Flutist Yulia Musayelyan showcases her latest quartet album combining jazz vivacity with folk wisdom.

Yulia Mussayelyan traverses many realms and vehemently leads her quartet into the horizon on her latest album, Unsaid. The album combines traditional Russian and Armenian folk melodies with hard-driving jazz grooves. The album is full of dramatic washes, haunting soundscapes, and playful melodies to create an intensely moody and mystical album. Each track paints a cinematic landscape with broad and sweeping strokes where Musayelyan’s flute materializes as the protagonist and storyteller. 

The album opens with “Catch-22,” a lyrical flute and piano duo more reminiscent of folk melodies than jazz. This quickly shifts as the bass and drums enter with a syncopated backbeat groove. Musayelyan’s improvised lines showcase the versatility of her flute-playing as the tune develops into a more frenzied, free, and wandering solo followed by a climbing piano solo which eventually returns to the humble opening melody.

The album’s overall brooding sensibility is due in large part to the frequent cymbal washes used to cover the listener in a sonic blanket, out of which the flute emerges like a lotus from the riverbed. “Khnki Tsar is a great example of this. The flute emerges with another simple, nursery rhyme-like melody, but the underlying bass gives it an unexpected harmonic twist. The tune unfolds as the piano takes center stage in a solo that constantly gains intensity. 

 

 

The album is not entirely brooding however. “Fevral” is the most danceable song on the album and burns from start to finish. It blends Afro-Cuban rhythms with percussive piano and a groovy flute melody. Maxim Lumbarsky’s agile and percussive piano style, Fernando Fuego’s full bodied basslines, and Mark Walker’s melodic and versatile drumming lock in tightly and move as one. Each musician has a chance to show off their chops before the original melody comes back and takes us to a final triumphant flourish.

The tunes “Numbers” and “Tamzara” tell us that any instrument can be a percussion instrument; Musayelyan uses the flute’s keys to produce atonal rhythms in both tracks. On “Numbers,” the instruments dance around each other while the Fender Rhodes keyboard blends in smoothly. This tune’s odd time signature and percussion-heavy use of the Fender Rhodes gives us a repetitive and cyclical chant-like track—a musical mobius strip.
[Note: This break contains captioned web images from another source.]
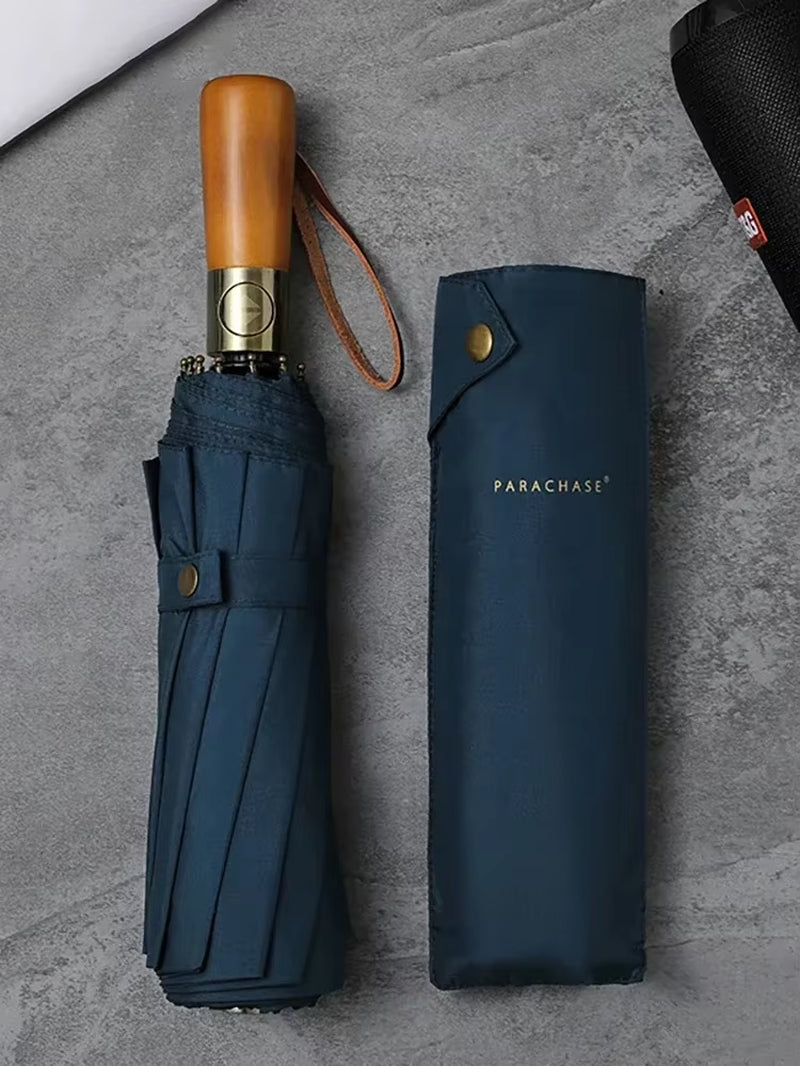 Umbrella Waterproof Double Layer Windproof 10 Bones Umbrella Men Business Style Golf Large Automatic Umbrella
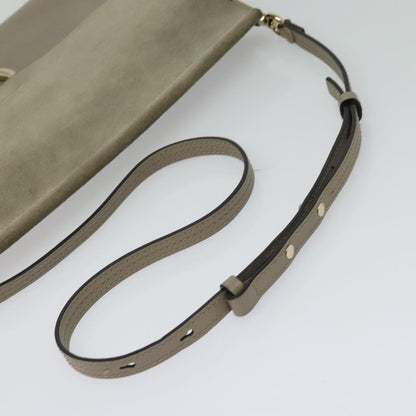 Chloe Faye Shoulder Bag Leather and Suede, GRAY, SUEDE, Shoulder bag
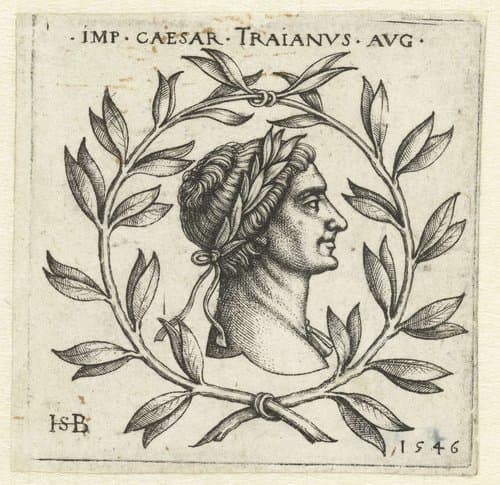Imp. ceasar Traianvs avg. by Hans Sebald Beham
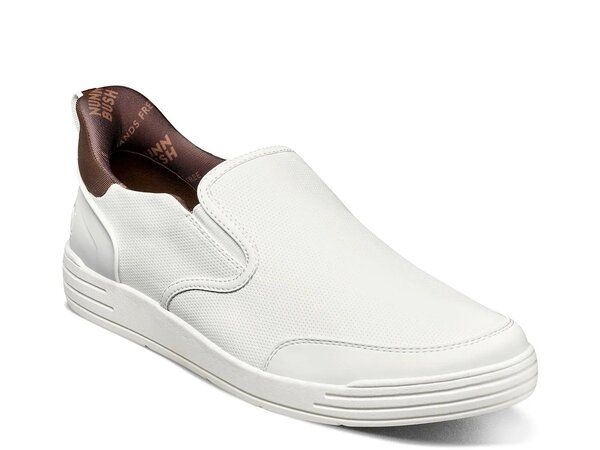 ノンブッシュ メンズ シューズ スリッポン・ローファー スニーカー Nunn Bush KORE City Walk EZ HandsFree SlipOn Sneaker Mens White ホワ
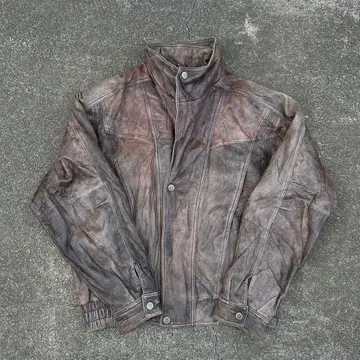 90~00s Willsons leather destory Jacket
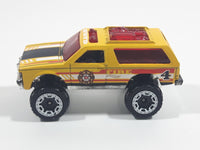 2016 Hot Wheels HW Rescue Blazer 4x4 Yellow Die Cast Toy Car SUV Vehicle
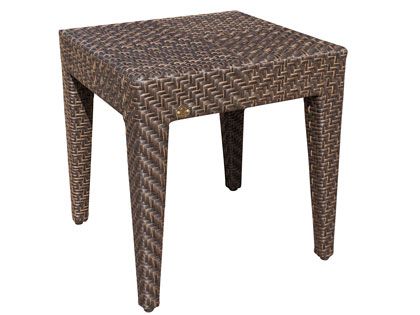 Hospitality Rattan Atlantis Outdoor Wicker Square End Table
Musayelyan gives the flute a new profile for each of the 14 tracks—whether it’s the whispery undertones of “Landscapes”, or the floating, spry melodies of “New Age and “Fevral”, or the in-your-face, spiky edges of “Numbers” and “Tango Trece.” While “Fevral and “Numbers make up the more sprightly and groovy side of the album, the overall mood is one of rumination and dark colors. The quartet has a talent for blending the instruments together to create one mood. The title track is a good example of this. The bass and drums contribute to the tunes ghostly sound and go so much further than just time-keeping and harmony.

Unsaid manages to journey down a myriad of paths and explorations whilst staying true an overall sincere mood. Its details are impressive, its solos are well crafted, and the quartet itself is locked in glistening melodies showcase intricately woven musicianship. But the greatest strength of the album is how these details come together to tell one story, taking us to all corners of Musayelyan’s musical world.